Thanks!!  Think I'll try that one with Thanksgiving leftovers this year.  Only thing I'll probably change will be to sub Cream of Mushroom soup for the Cream of Celery (hubby is a big-time celery hater, so why torture him - lol!!!).


----------



## Constance (Nov 6, 2006)

Letscook, pimentoes ARE red peppers. They are heart-shaped and the flesh is very thick and meaty. They only difference is that they have been canned.
That's a good looking recipe...I actually have that saved in my recipe files, although I haven't tried it yet. 
Breezy, you could also substitute Cream of Chicken soup.


----------



## BreezyCooking (Nov 6, 2006)

Constance, I think what she meant is that some people don't care for the canned/jarred pimientos.  I use both depending on what I'm making, but I do know that some people just don't like the taste/texture of the jarred red peppers, in which case in this recipe sauteeing fresh diced red peppers would work just as well.


----------



## letscook (Nov 6, 2006)

thats what i meant  -- I also think cooked broccoli or apparsgus  would be good in this.


----------



## Souffle (Nov 18, 2006)

*lower fat version?*



			
				letscook said:
			
		

> thats what i meant -- I also think cooked broccoli or apparsgus would be good in this.


 
Hi All,

I'm a newbie here. Looks like a great site!

I'm wondering if I could substitute something for all that mayo. I could use low fat. Has anyone tried it that way. And less cheese. Bless Paula. Everything is soooo good but sooo fattening. 

Thanks everyone.


----------



## kitchenelf (Nov 18, 2006)

I think you could go with the low fat mayo - just not the no fat mayo.  You could also use the 2% cheese.  It wouldn't be as creamy but it would still work.

It's just plain hard to get a casserole on the healthy side!  LOL

My SIL uses Healthy Request "cream of" soups in her casseroles too.  That helps a little.

Welcome to the site.


----------



## amber (Nov 18, 2006)

As for leftovers, I saw this on foodnetwork this morning.  I love frittata's and this one uses leftover stuffing.

http://www.foodnetwork.com/food/recipes/recipe/0,1977,FOOD_9936_32347,00.html


----------



## college_cook (Nov 19, 2006)

Thanksgiving sandwich!  That's the only leftover you should ever eat after thanksgiving!  It's defintely one of my favorites, and I look forward to it every year, nearly as much as Thanksgiving itself.


----------



## Gretchen (Nov 19, 2006)

Constance said:
			
		

> Letscook, pimentoes ARE red peppers.
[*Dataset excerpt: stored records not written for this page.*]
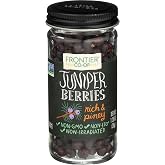 Frontier Co-op Whole Juniper Berries, 1.28 Ounce Bottle, Rich and Piney for Soups, Marinades, Pickling and Sauerkraut
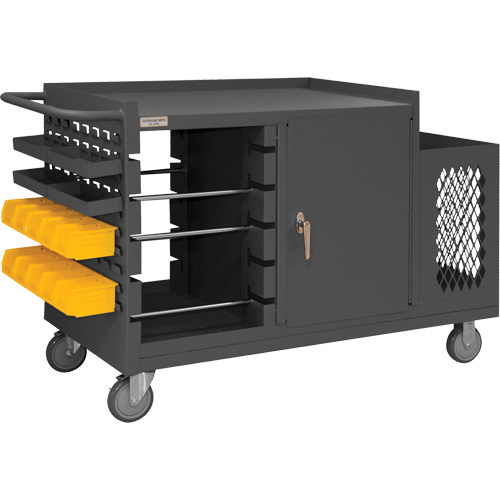 Chariot pour bobines de fil et de maintenance, Acier, 5 Montants, 54-1/16" la x 35" h x 24" p, Capacit&eacute; de 1200 lb Oxford Builders Supplies Inc
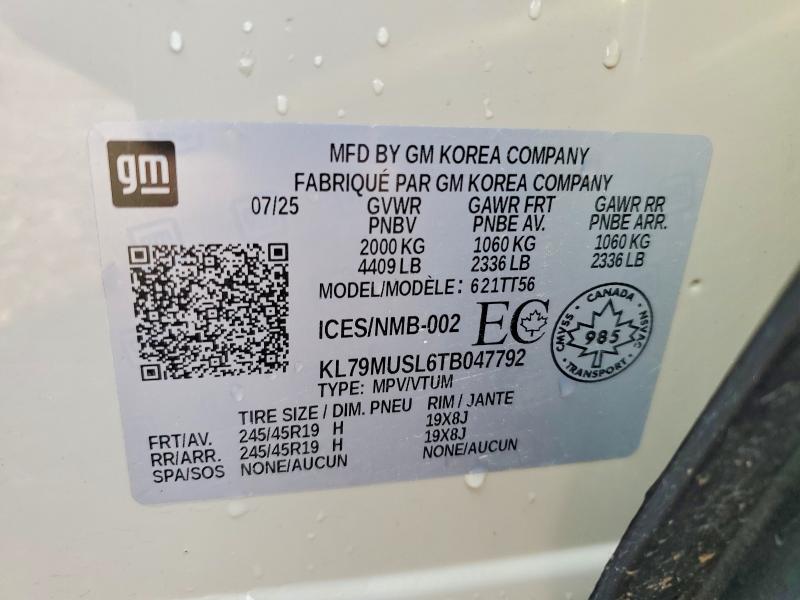 Продаж на аукціоні авто 2026 Chevrolet Trail Blazer, vin: KL79MUSL6TB047792, номер лоту: 62819506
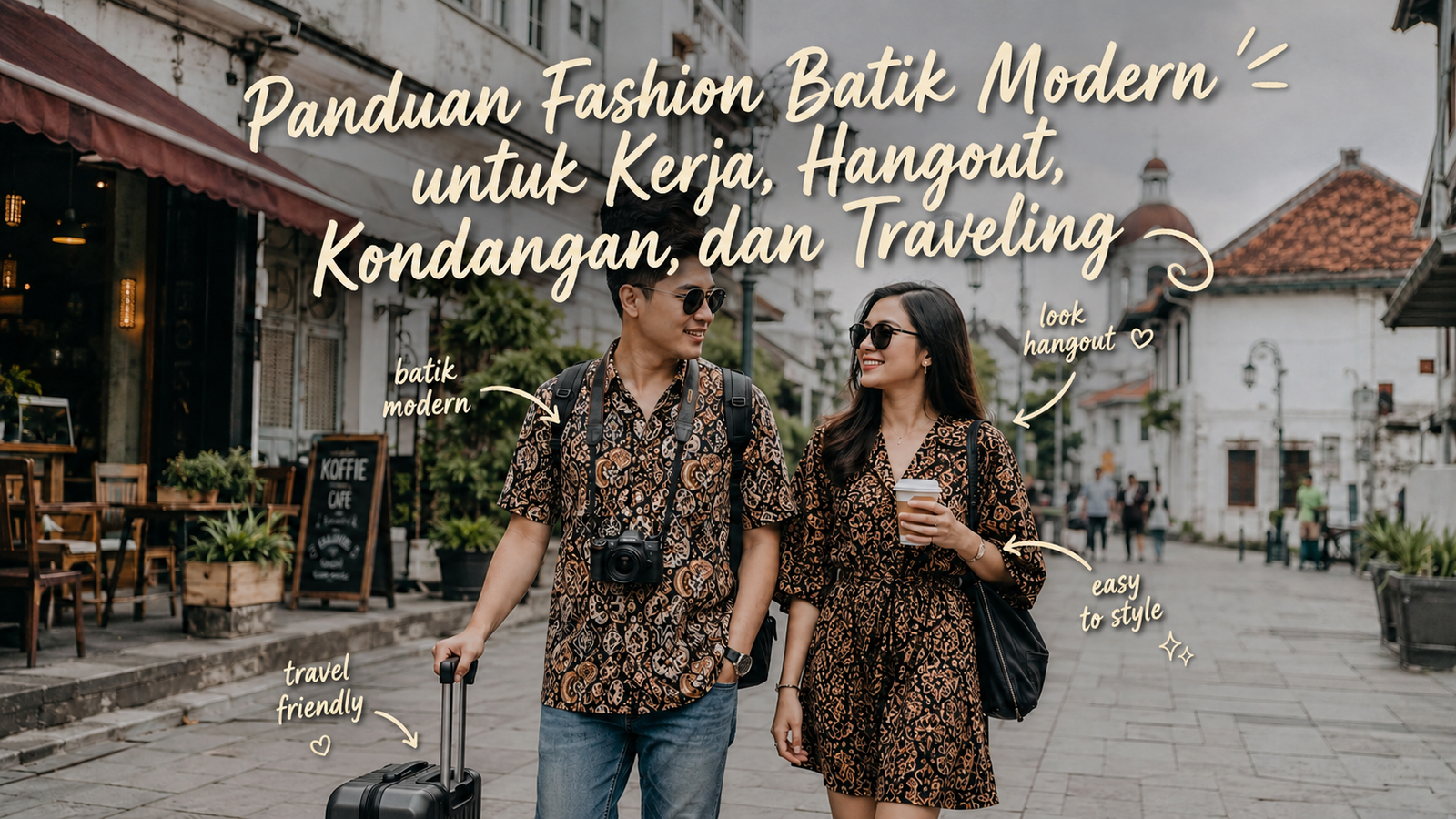 fashion batik modern untuk kerja dan hangout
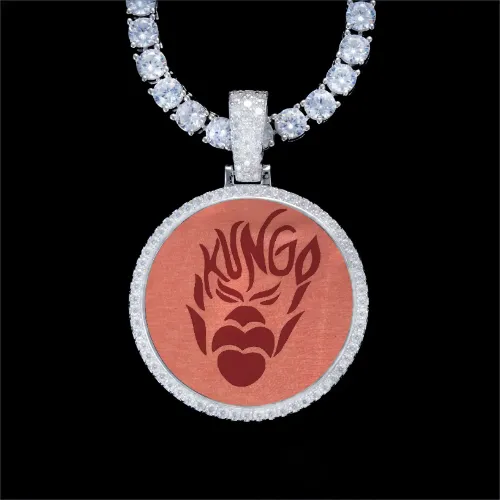 925S & VVS Moissanite 3D Circle Custom Picture Pendant sold by The GUU Shop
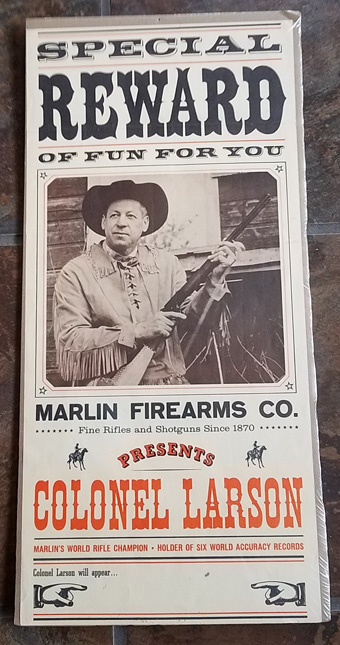 1960\'s Colonel Larson Poster
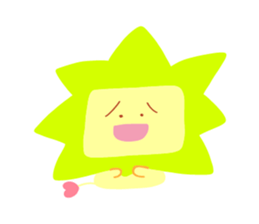 Present Stickers[Green Lion] sticker #14106938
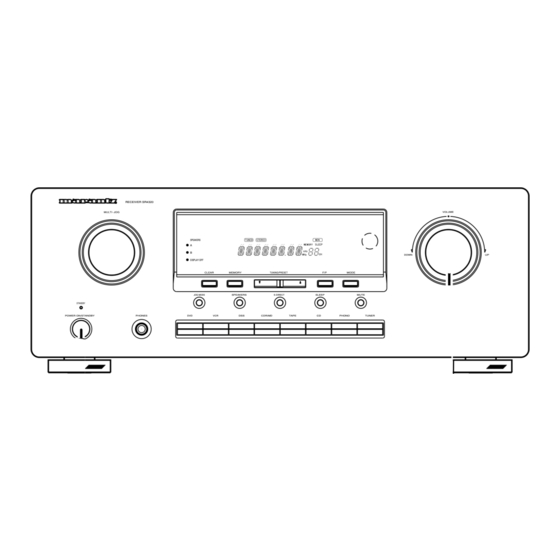 Marantz SR4320 User Manual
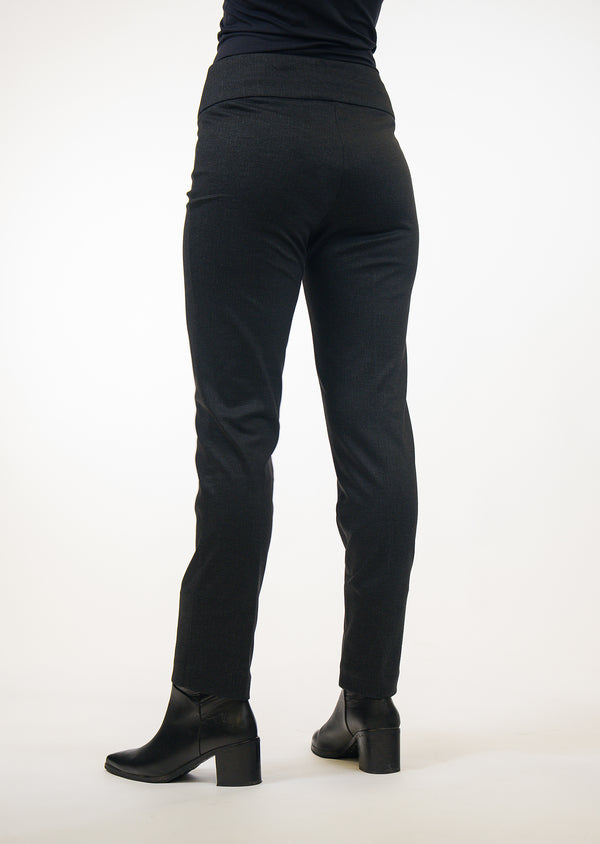 Lisette L CINDER 28" Slim Ankle Pant CHARCOAL
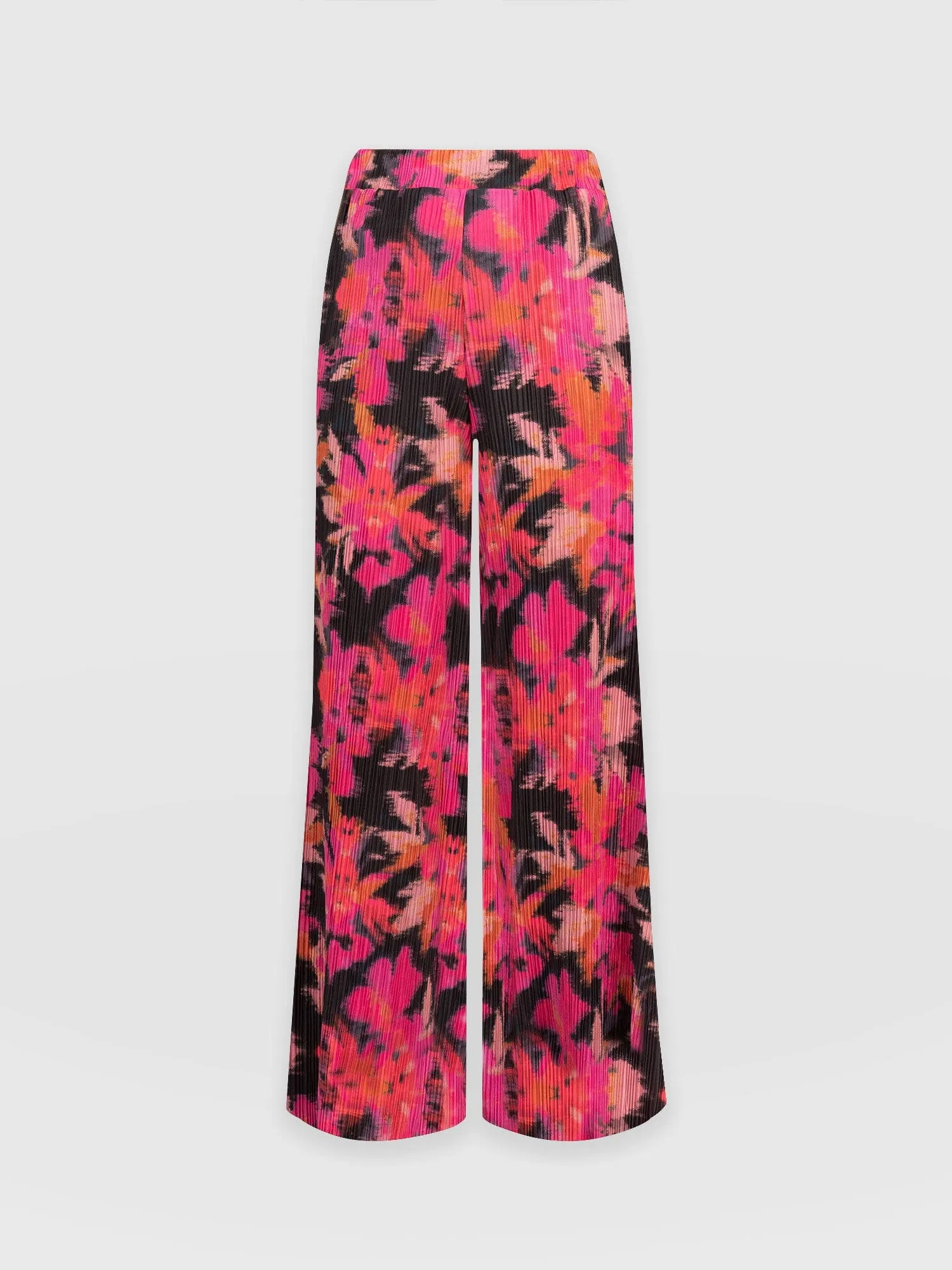 Betty Wide Leg Pant - Black Soft Focus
They are heart-shaped and the flesh is very thick and meaty. They only difference is that they have been canned.
> That's a good looking recipe...I actually have that saved in my recipe files, although I haven't tried it yet.
> Breezy, you could also substitute Cream of Chicken soup.


 
I find a good bit of difference between pimentos and red peppers (as in red bell peppers). They (pimentos) are a different variety of red sweet peppers (as Constance said) and quite different in taste to me. 
We love pimento cheese--very popular in the south--and it is usually made with the canned pimentos. But it is SO good made with roasted red bell peppers also. Roasted red peppers are also available canned, of course.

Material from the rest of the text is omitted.